Jason Williams

Personal information
- Full name: Jason Lester Williams
- Born: 5 September 1976 (age 49) Saint Kitts
- Batting: Right-handed
- Role: Wicket-keeper

Domestic team information
- 1999–2007: Leeward Islands
- 2001–2003: Rest of Leeward Islands
- Source: CricketArchive, 1 January 2016

= Jason Williams (cricketer) =

West Indian cricketer (born 1976)

Jason Lester Williams (born 5 September 1976) is a former Kittitian cricketer who played for the Leeward Islands in West Indian domestic cricket. He was a wicket-keeper who batted right-handed.

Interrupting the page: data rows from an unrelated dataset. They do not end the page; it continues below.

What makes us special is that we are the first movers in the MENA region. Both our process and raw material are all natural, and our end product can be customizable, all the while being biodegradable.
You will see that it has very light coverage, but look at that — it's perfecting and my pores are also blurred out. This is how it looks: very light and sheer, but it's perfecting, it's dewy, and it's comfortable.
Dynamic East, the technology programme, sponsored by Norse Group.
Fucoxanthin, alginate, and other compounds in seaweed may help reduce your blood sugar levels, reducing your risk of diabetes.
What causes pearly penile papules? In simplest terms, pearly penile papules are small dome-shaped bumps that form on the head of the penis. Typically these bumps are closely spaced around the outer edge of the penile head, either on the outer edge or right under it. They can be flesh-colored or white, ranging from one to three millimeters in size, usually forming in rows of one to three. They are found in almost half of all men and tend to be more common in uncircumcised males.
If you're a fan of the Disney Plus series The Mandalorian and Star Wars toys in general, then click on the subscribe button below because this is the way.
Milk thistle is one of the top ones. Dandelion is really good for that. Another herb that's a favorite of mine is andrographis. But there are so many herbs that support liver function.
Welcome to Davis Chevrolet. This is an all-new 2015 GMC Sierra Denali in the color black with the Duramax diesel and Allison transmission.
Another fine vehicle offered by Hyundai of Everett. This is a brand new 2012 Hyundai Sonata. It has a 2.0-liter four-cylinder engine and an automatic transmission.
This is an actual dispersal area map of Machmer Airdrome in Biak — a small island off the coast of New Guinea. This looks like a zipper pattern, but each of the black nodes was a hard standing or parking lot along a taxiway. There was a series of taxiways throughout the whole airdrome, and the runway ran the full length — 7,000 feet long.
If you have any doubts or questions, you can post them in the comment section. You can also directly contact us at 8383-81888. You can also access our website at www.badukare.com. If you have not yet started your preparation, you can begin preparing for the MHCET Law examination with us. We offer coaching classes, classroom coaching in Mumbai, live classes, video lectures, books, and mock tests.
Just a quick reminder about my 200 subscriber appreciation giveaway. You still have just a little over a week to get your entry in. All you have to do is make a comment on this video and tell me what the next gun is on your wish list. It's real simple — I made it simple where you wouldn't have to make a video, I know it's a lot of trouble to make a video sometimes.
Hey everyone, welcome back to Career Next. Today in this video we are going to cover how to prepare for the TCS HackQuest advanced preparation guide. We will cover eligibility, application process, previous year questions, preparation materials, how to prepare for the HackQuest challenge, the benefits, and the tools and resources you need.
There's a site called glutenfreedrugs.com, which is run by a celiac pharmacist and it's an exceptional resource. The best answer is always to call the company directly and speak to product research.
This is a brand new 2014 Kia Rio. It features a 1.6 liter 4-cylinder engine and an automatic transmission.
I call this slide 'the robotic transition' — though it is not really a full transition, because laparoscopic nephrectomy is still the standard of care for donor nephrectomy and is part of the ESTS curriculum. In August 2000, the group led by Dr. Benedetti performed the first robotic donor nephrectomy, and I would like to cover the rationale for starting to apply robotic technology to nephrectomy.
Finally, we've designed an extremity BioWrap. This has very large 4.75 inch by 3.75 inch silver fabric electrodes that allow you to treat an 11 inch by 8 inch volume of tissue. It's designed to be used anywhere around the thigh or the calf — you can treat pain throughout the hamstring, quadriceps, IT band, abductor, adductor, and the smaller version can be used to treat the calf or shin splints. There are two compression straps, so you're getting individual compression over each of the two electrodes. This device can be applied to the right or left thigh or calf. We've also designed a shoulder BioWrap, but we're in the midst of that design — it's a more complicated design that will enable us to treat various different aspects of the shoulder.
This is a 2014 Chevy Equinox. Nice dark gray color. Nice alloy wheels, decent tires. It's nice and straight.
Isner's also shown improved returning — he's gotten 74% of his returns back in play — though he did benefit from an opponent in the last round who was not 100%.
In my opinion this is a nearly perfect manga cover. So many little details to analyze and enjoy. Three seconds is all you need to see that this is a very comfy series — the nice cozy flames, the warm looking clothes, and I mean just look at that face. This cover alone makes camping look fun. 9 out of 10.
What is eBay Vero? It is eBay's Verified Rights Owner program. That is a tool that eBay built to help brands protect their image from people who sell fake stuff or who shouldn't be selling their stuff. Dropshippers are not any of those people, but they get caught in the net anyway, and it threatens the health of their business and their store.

Williams made his first-class debut for the Leeward Islands in January 1999, playing against Jamaica in the 1998–99 Busta Cup. He continued to make irregular appearances for the team into the mid-2000s, with his last matches for the team coming in the 2006–07 KFC Cup. Beginning with the 2001–02 Red Stripe Bowl, Williams played three seasons as the wicket-keeper for the Rest of Leeward Islands side that competed during Antigua and Barbuda's period as a separate team. His highest score for the Leewards was 42, made against the Windward Islands in the 2003–04 Carib Beer Cup. In 2006, Williams also played a match for Saint Kitts in the Stanford 20/20, against Nevis.